● Available data:
----------------
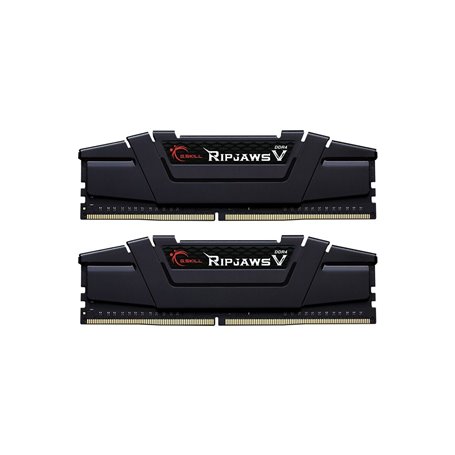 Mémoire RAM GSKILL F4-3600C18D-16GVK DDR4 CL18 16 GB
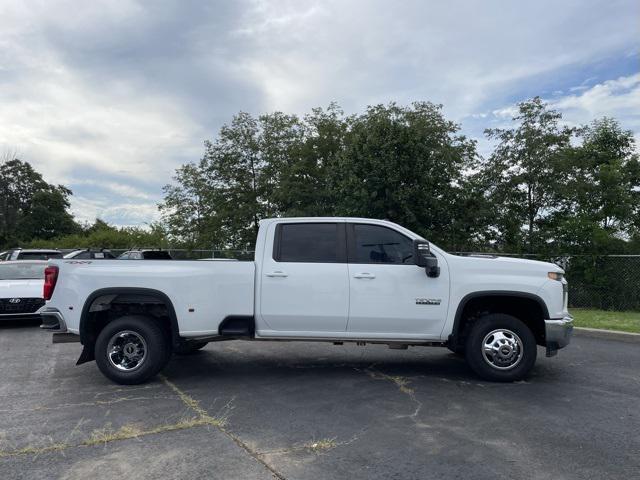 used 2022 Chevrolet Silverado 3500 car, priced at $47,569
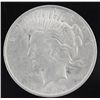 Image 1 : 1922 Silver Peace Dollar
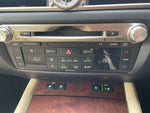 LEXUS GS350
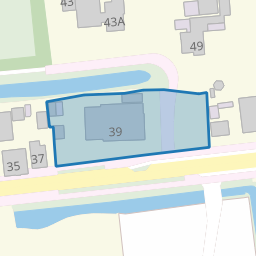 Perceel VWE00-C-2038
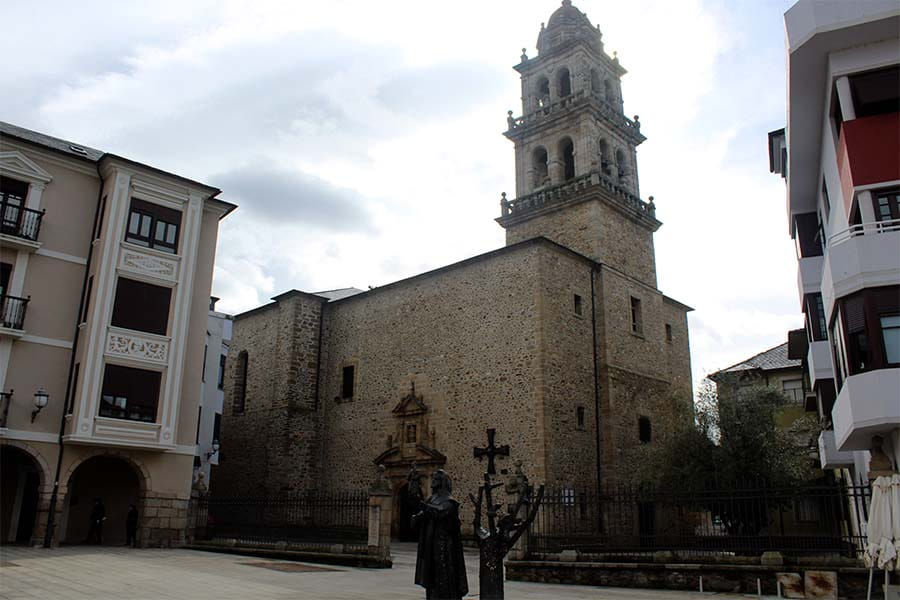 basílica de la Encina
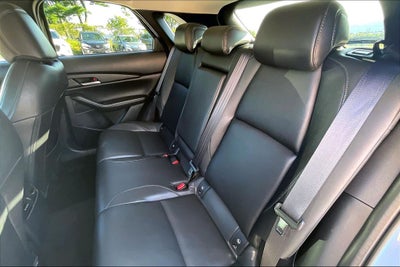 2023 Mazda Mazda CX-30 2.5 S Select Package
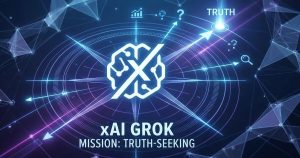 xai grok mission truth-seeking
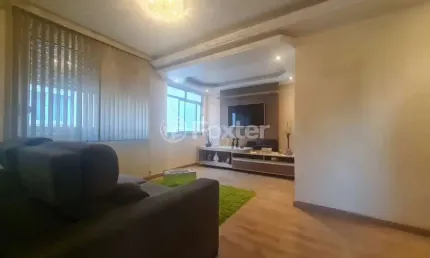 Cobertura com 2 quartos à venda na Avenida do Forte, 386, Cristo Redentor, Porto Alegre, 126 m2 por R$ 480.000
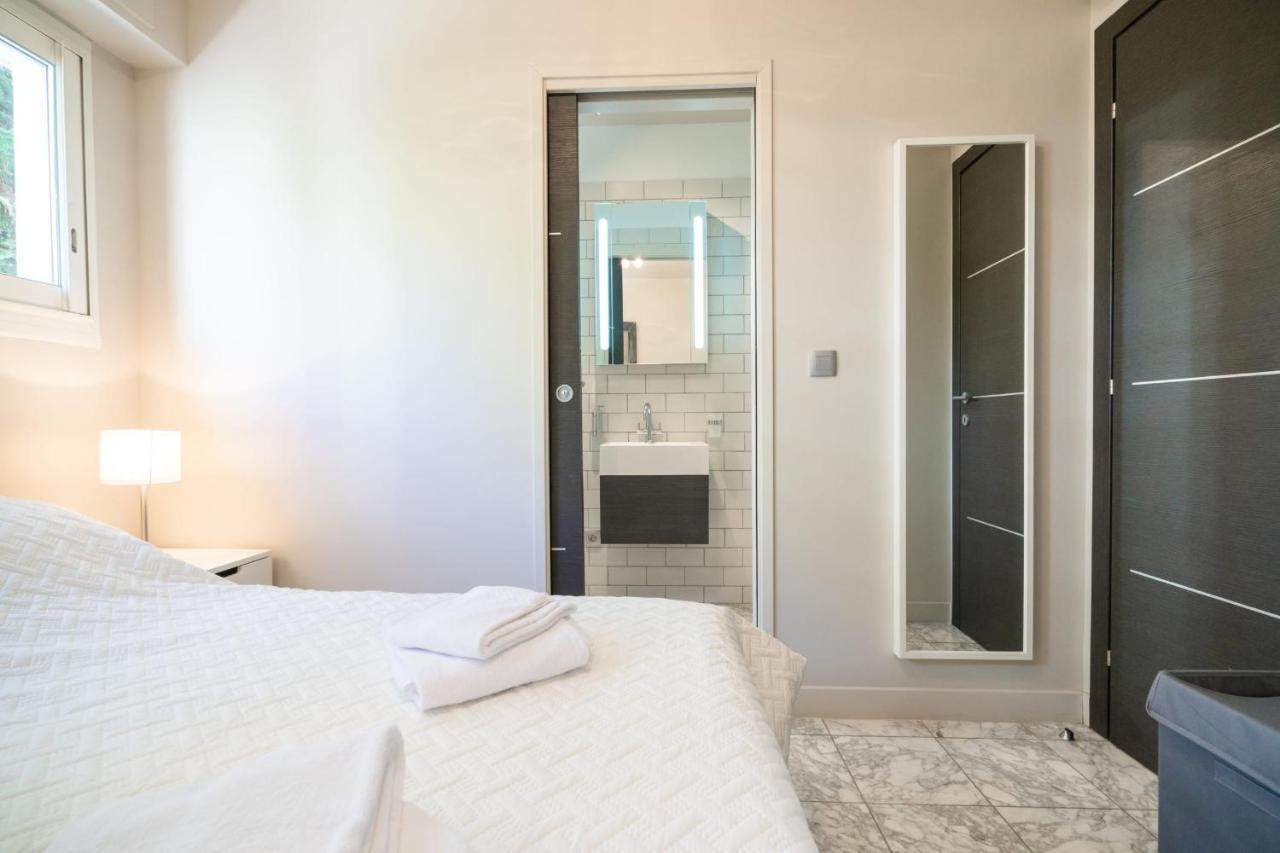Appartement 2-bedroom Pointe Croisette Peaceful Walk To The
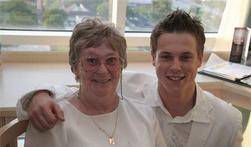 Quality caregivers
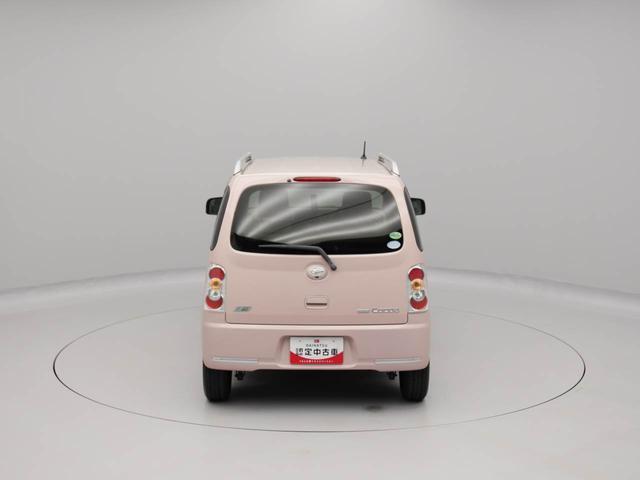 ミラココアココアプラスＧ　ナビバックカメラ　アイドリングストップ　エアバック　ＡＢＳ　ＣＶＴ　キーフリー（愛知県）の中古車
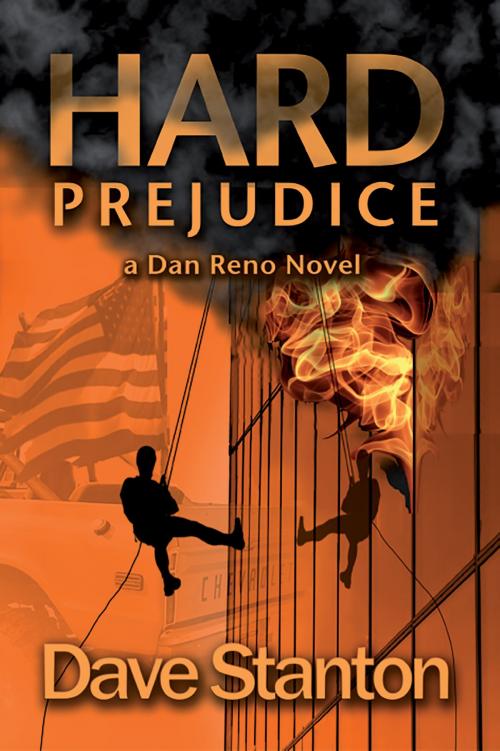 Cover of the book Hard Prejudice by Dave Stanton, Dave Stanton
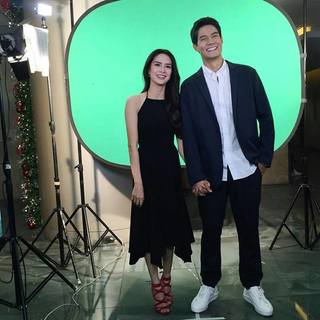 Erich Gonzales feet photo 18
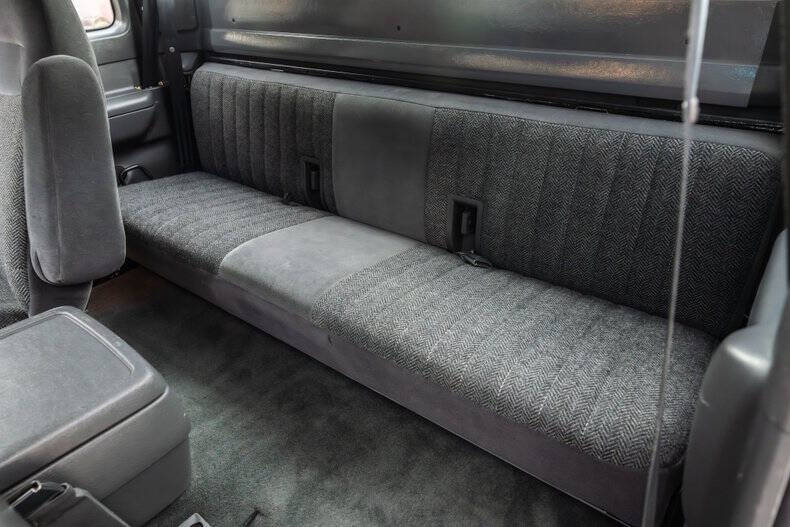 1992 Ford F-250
----------------
● What you should do: The copy should hold exactly the lines from the line containing "Appartement 2-bedroom Pointe" through the last line of the records, both included, and no pictures or other lines.

● Your solution:
Appartement 2-bedroom Pointe Croisette Peaceful Walk To The
 Quality caregivers
 ミラココアココアプラスＧ　ナビバックカメラ　アイドリングストップ　エアバック　ＡＢＳ　ＣＶＴ　キーフリー（愛知県）の中古車
 Cover of the book Hard Prejudice by Dave Stanton, Dave Stanton
 Erich Gonzales feet photo 18
 1992 Ford F-250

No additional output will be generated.